__Aim of the exercise__.
Check each line of the entries below for the word "Retriever", and copy the lines that have it.

[Dataset records]
»»
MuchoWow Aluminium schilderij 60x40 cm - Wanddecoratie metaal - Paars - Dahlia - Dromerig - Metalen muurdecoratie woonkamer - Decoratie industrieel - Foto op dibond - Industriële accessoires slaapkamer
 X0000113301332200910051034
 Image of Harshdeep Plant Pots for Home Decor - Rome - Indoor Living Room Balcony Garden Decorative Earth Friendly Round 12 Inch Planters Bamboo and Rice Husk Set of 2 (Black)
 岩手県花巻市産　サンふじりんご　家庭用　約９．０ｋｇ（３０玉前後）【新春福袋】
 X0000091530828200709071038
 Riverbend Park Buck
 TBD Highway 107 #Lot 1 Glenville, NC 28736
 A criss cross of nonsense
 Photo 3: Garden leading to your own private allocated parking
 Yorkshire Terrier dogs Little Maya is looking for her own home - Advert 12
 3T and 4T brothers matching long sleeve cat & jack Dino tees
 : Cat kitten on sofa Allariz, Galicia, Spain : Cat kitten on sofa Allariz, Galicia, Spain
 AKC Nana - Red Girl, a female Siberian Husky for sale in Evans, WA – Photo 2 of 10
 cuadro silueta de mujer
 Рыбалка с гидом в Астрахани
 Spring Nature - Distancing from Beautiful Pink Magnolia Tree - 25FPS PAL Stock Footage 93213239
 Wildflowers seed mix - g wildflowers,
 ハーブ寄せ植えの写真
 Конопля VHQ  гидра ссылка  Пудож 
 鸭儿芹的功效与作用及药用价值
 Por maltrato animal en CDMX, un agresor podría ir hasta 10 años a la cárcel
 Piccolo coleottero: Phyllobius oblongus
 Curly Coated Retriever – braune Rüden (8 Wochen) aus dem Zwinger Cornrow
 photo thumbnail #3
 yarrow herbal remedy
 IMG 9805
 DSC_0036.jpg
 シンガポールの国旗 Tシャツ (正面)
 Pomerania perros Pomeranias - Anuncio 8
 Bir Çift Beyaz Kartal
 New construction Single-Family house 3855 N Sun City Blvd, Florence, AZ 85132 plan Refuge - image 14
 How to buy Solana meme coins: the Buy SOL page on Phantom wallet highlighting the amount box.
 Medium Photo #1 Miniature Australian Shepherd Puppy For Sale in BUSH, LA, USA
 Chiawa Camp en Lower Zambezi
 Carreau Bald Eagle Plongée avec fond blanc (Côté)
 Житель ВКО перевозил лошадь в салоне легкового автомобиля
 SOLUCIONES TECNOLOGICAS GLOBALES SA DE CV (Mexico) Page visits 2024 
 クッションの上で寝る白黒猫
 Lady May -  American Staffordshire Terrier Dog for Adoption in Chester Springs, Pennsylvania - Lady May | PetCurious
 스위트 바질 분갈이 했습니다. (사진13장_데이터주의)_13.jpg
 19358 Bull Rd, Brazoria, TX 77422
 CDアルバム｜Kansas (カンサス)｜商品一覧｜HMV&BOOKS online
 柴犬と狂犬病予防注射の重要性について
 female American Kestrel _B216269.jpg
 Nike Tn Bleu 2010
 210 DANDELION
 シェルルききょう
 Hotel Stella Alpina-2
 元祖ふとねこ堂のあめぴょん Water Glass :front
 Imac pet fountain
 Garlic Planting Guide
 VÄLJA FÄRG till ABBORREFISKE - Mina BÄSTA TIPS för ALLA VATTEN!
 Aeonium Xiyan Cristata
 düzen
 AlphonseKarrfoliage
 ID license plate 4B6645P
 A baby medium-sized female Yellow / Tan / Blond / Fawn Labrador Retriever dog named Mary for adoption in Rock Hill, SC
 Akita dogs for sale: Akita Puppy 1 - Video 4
««
__Exercise result__.
 Curly Coated Retriever – braune Rüden (8 Wochen) aus dem Zwinger Cornrow
 A baby medium-sized female Yellow / Tan / Blond / Fawn Labrador Retriever dog named Mary for adoption in Rock Hill, SC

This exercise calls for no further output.